> [TASK TO COMPLETE]: Look through the entries below and copy exactly the part that begins with the line containing "Additionally, I can" and ends with the line containing "Saving a document.". Do not copy the pictures.
-- SUPPLIED RECORDS follows --
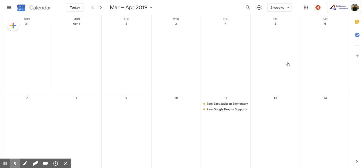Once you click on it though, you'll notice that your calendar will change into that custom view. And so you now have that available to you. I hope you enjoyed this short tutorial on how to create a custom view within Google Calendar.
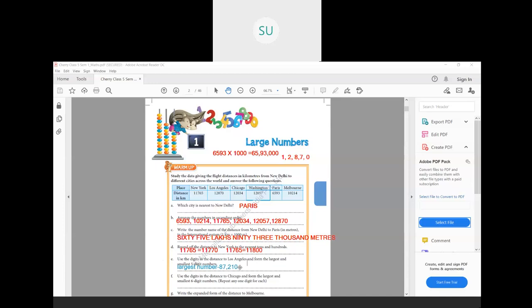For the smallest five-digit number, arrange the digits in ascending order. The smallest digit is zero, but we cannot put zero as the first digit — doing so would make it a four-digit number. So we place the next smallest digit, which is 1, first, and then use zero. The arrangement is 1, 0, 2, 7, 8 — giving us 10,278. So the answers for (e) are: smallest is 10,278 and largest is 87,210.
-- SUPPLIED RECORDS concluded --
-- SUPPLIED RECORDS follows --
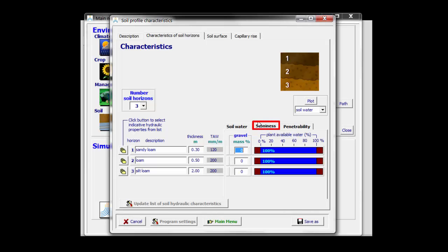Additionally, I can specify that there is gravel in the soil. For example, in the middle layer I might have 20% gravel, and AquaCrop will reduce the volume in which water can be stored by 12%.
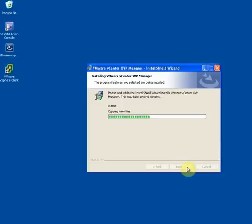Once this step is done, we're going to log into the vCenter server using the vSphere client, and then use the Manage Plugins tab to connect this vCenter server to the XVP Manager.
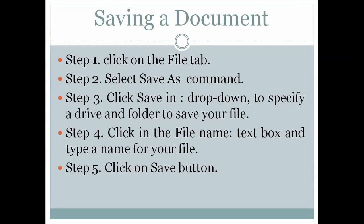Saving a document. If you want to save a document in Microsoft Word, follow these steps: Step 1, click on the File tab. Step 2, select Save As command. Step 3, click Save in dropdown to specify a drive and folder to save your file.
-- SUPPLIED RECORDS concluded --
-- SUPPLIED RECORDS follows --
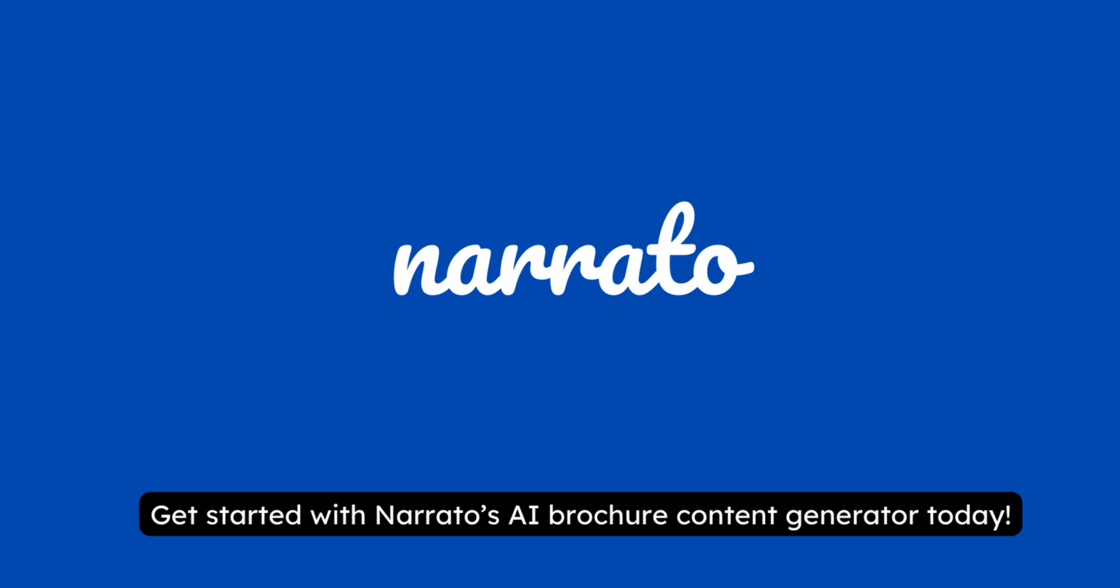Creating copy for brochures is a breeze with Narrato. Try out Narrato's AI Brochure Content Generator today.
-- SUPPLIED RECORDS concluded --
> [RESPONSE AREA]:
Additionally, I can specify that there is gravel in the soil. For example, in the middle layer I might have 20% gravel, and AquaCrop will reduce the volume in which water can be stored by 12%.
Once this step is done, we're going to log into the vCenter server using the vSphere client, and then use the Manage Plugins tab to connect this vCenter server to the XVP Manager.
Saving a document. If you want to save a document in Microsoft Word, follow these steps: Step 1, click on the File tab. Step 2, select Save As command. Step 3, click Save in dropdown to specify a drive and folder to save your file.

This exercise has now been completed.